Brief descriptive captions
============
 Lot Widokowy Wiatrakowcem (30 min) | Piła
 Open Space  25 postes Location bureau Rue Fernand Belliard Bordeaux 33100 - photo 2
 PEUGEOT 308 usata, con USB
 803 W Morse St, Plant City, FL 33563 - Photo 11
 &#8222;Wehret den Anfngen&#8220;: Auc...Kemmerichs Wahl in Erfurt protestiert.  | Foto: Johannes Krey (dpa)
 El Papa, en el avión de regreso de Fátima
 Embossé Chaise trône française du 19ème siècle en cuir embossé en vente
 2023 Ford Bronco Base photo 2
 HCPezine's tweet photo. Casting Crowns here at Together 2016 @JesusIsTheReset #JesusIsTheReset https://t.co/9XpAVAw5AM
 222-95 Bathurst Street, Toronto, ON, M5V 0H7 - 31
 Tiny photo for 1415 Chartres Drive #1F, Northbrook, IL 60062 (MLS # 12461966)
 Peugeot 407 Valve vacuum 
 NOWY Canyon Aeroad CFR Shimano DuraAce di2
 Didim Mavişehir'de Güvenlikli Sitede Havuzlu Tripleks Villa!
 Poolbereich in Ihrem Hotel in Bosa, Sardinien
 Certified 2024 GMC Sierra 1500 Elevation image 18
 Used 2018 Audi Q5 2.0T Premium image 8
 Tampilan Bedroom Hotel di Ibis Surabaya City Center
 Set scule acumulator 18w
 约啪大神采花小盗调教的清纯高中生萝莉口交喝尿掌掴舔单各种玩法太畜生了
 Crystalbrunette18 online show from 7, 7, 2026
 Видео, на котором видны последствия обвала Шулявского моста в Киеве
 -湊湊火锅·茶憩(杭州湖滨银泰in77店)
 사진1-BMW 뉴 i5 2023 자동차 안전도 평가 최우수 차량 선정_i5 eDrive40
============
Go through the lines above and copy any that contain "City".

 803 W Morse St, Plant City, FL 33563 - Photo 11
 Tampilan Bedroom Hotel di Ibis Surabaya City Center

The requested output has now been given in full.